Soviet General Secretary Mikhail Gorbachev called the conflict in Afghanistan a “bleeding wound which can result in gangrenous growth on the body of mankind” in a statement in 1988. Stagnant wars and conflicts are suffered by most aggressive world powers. Ancient empires such as Rome spread their resources so far that they could not control the outer edges of their empire and the focus on the wars with northern barbarians led to instability at home eventually ripping the empire apart. The British empire was stuck in a conflict with its American colonies for over 40 years until after the colonies had rebelled, won a war against the British, and formed their own state all the way until the War of 1812. The American Revolution inspired other British colonies to fight for their freedom and accelerated the governments shift toward constitutional monarchy. The U.S. lost international support during it’s extended war in Vietnam and again with the invasion of Iraq both of which (have) created unrest at home.
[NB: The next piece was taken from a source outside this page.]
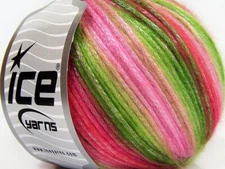 Ice Yarns Picasso Yarn -Green Pink Shades- soft shiny baby 50g 115m Medium 66606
The Soviet Union’s foray into Afghanistan turned out much was similar to the above. In an attempt to conquer new territory, for socialism rather than previous empires quest for physical territory but the same as America’s goal of spreading democracy, the USSR got stuck in a war that nobody wanted a part of. The invasion of Afghanistan had no support internationally and was almost immediately condemned by the U.N. Soviet Secretary General Leonid Brezhnev and high Soviet officials wanted to stabilize a new socialist government in Afghanistan that was being attacked. That government had little support in the country and the Soviets found out that they were not welcome as the socialist revolution they thought was happening was not. Brezhnev would not back down from his goals in Afghanistan and the instability and leadership turnover after his death did not allow for the war to end.
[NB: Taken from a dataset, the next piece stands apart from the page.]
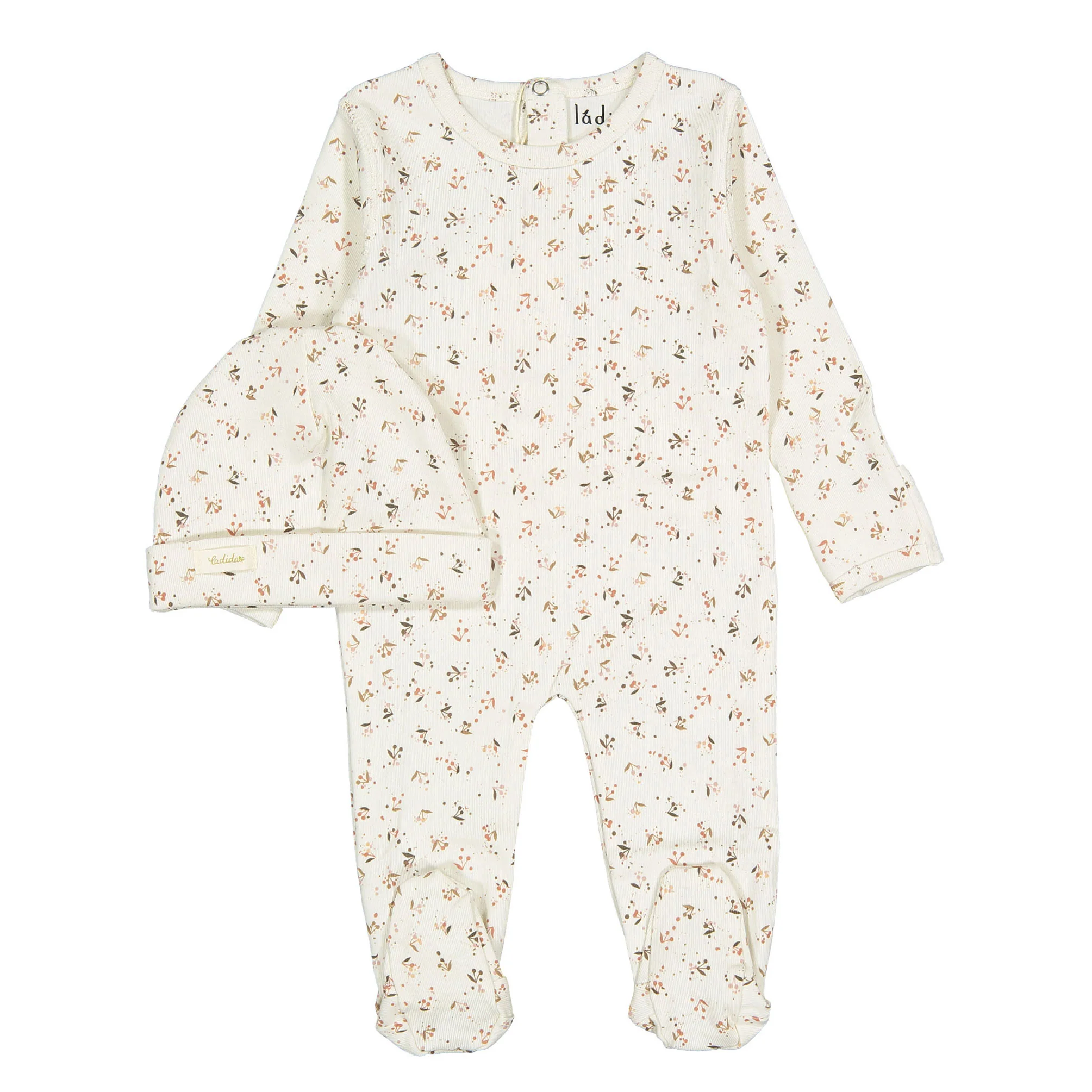 Ladida Layette Mauve Cherry Footie+ Hat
A stagnant war with no victory in sight and goals that don’t directly affect people at home don’t end well. Soldiers always come home scarred physically or mentally, and many don’t come home at all, but the losses are accepted as necessary in a war that protects the homeland from invasion or destruction, such as WWII. But when young men die abroad, or come home missing arms, legs, and souls, asking ‘why are we fighting?’ and are answered with an ‘I don’t know’, those losses become unacceptable. The ‘I don’t know’ also doesn’t help with questioning why all the country’s energies and resources are being diverted to a war instead of helping citizens, the government loses support and dissenters creep out of the shadows. When Gorbachev rose to power, he knew this, and tried to figure out why the Soviets were stuck in Afghanistan and what the cost of the war was. As word came out of the intelligence misinformation and lack of any progress in nine years in Afghanistan dissent increased, assisted by Gorbachev’s policy of perestroika. Gorbachev pulled out Soviet troops in 1989, but the message had been sent: the Soviet Union was corrupt, mismanaged, broke, and could not take care of its citizens. In two years it would dissolve, caused by a combination of events, many that had a root in the invasion of Afghanistan.